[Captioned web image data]
▬▬▬

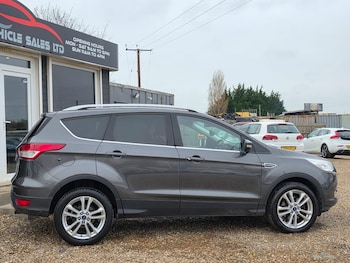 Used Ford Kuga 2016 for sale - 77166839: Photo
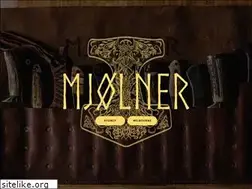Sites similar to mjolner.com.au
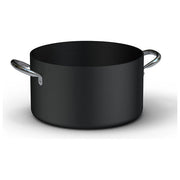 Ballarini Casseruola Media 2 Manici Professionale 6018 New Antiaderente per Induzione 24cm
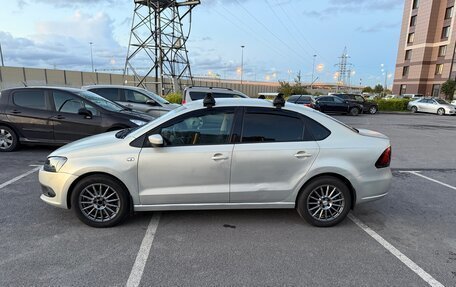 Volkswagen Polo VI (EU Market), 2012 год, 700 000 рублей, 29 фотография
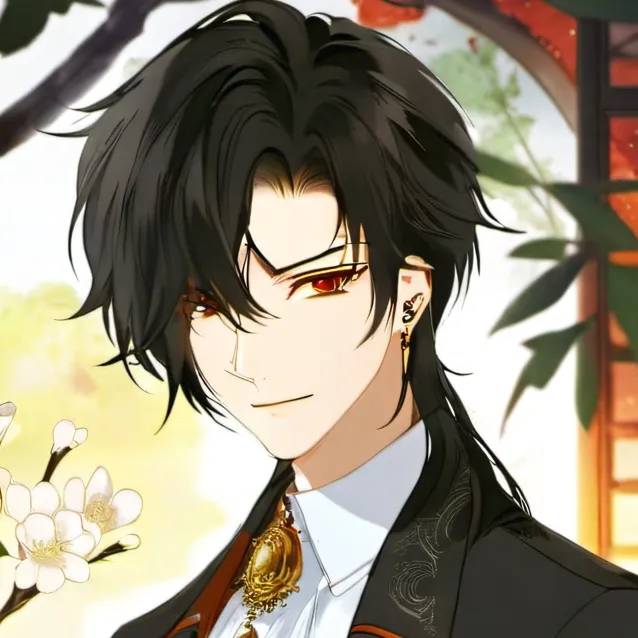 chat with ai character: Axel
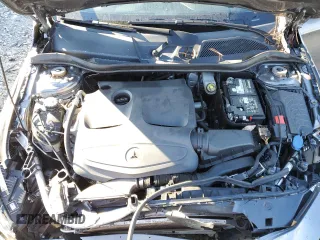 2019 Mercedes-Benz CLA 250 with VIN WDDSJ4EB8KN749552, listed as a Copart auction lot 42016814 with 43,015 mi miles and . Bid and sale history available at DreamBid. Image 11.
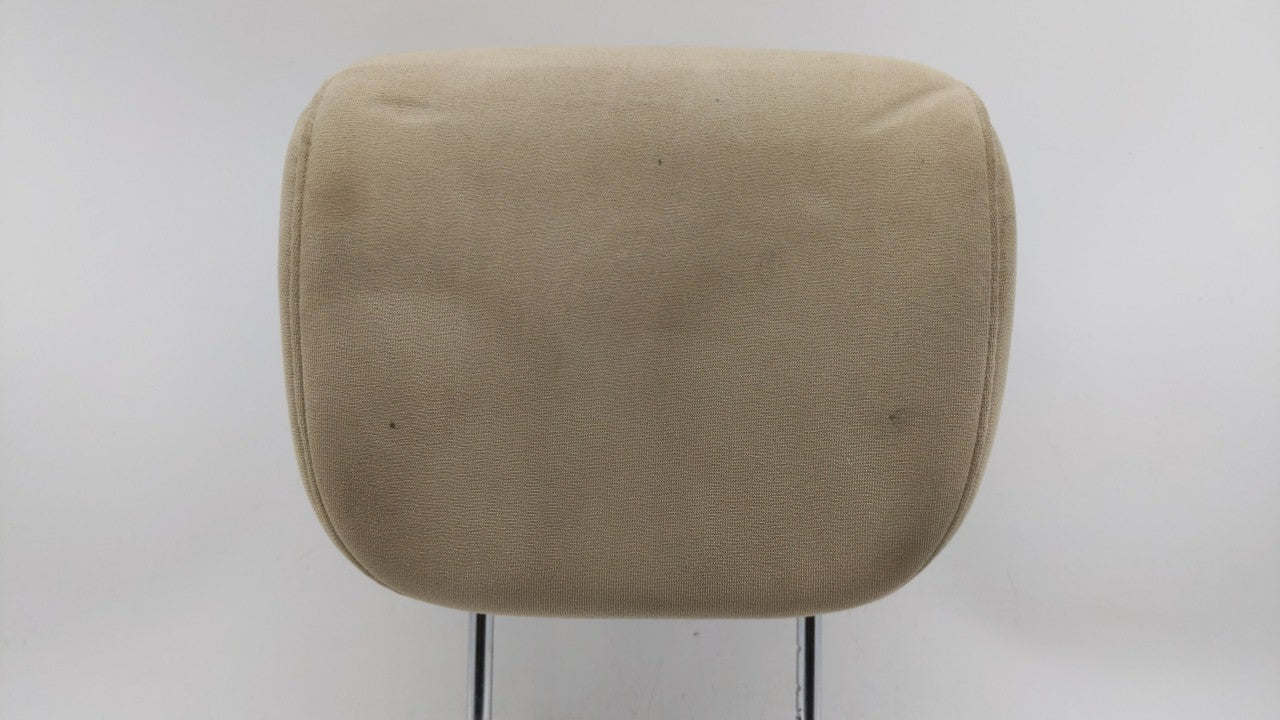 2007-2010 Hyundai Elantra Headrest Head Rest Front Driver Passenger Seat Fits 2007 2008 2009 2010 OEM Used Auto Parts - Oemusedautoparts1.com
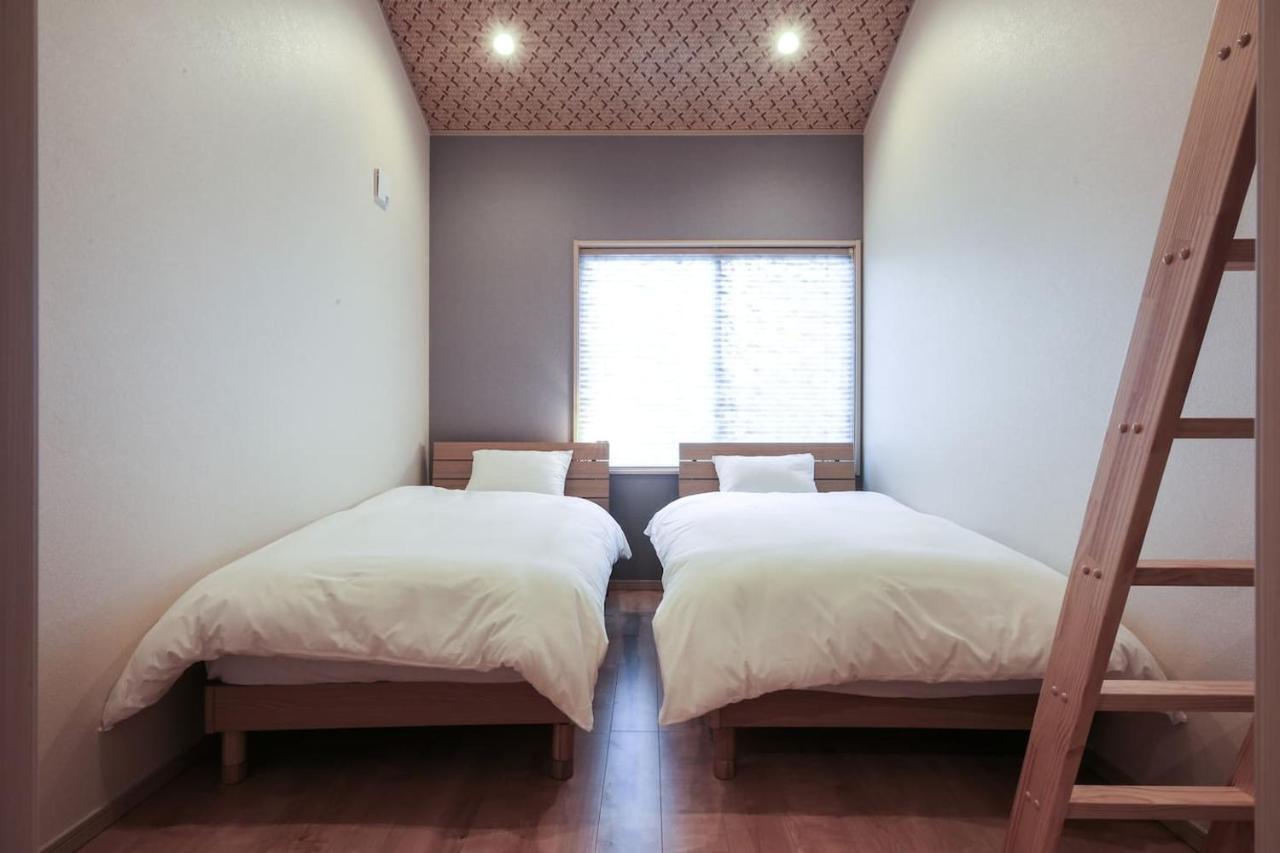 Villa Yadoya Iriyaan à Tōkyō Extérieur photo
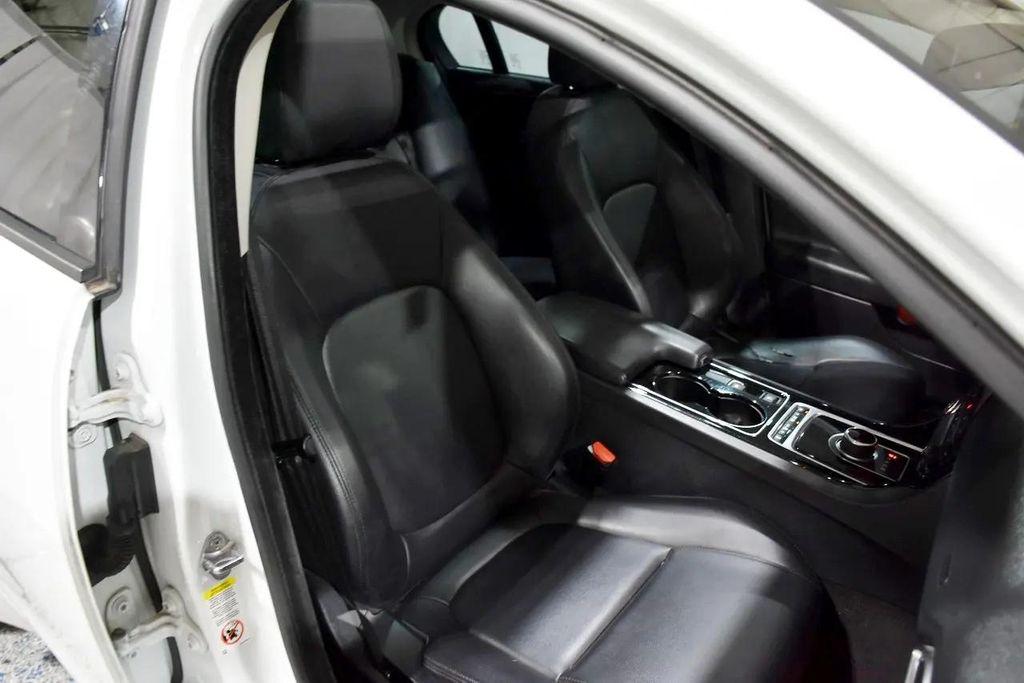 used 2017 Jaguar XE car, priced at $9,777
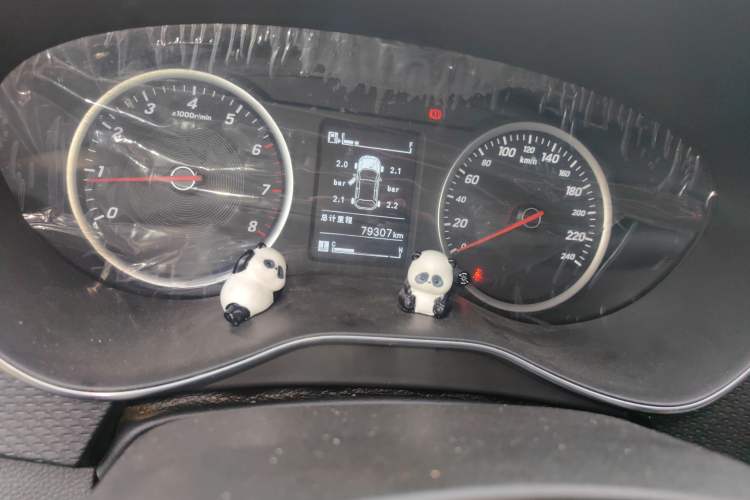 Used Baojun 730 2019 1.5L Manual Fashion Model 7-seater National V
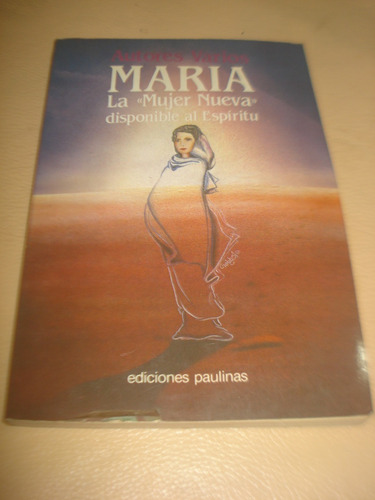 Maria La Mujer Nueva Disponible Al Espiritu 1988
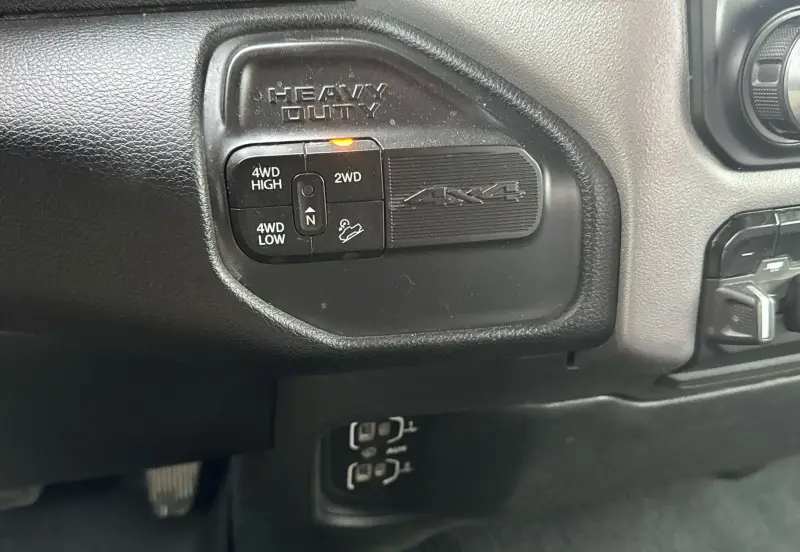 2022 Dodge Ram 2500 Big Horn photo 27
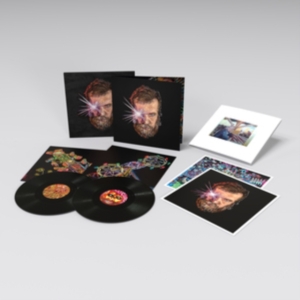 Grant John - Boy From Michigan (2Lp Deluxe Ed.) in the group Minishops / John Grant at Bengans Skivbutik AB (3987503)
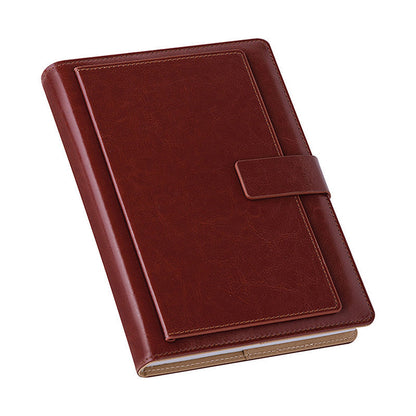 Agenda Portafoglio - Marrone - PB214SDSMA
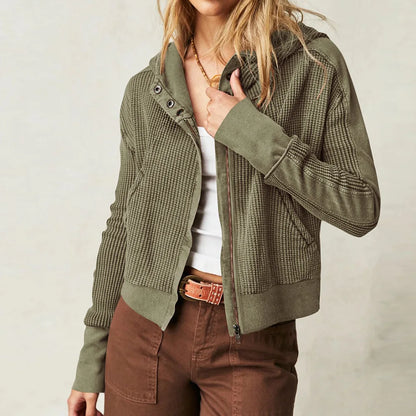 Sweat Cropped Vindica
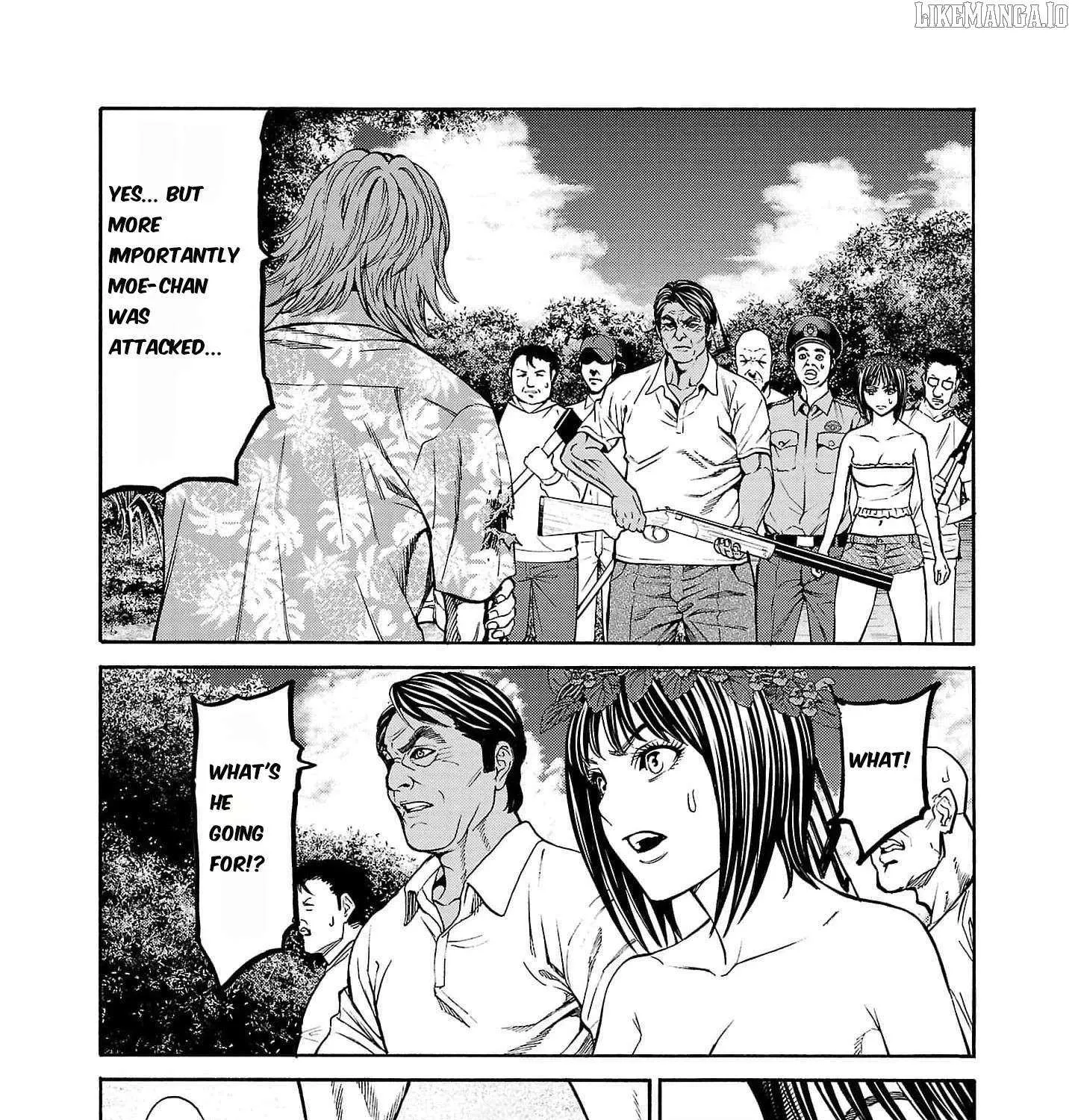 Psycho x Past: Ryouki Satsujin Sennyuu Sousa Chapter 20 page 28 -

▬▬▬

## Exercise goal
Look back at the data above, then output exactly the lines from the line holding "Volkswagen Polo VI" up to and including the line holding "Sweat Cropped Vindica". Leave out the pictures.

## Answer for the task
 Volkswagen Polo VI (EU Market), 2012 год, 700 000 рублей, 29 фотография
 chat with ai character: Axel
 2019 Mercedes-Benz CLA 250 with VIN WDDSJ4EB8KN749552, listed as a Copart auction lot 42016814 with 43,015 mi miles and . Bid and sale history available at DreamBid. Image 11.
 2007-2010 Hyundai Elantra Headrest Head Rest Front Driver Passenger Seat Fits 2007 2008 2009 2010 OEM Used Auto Parts - Oemusedautoparts1.com
 Villa Yadoya Iriyaan à Tōkyō Extérieur photo
 used 2017 Jaguar XE car, priced at $9,777
 Used Baojun 730 2019 1.5L Manual Fashion Model 7-seater National V
 Maria La Mujer Nueva Disponible Al Espiritu 1988
 2022 Dodge Ram 2500 Big Horn photo 27
 Grant John - Boy From Michigan (2Lp Deluxe Ed.) in the group Minishops / John Grant at Bengans Skivbutik AB (3987503)
 Agenda Portafoglio - Marrone - PB214SDSMA
 Sweat Cropped Vindica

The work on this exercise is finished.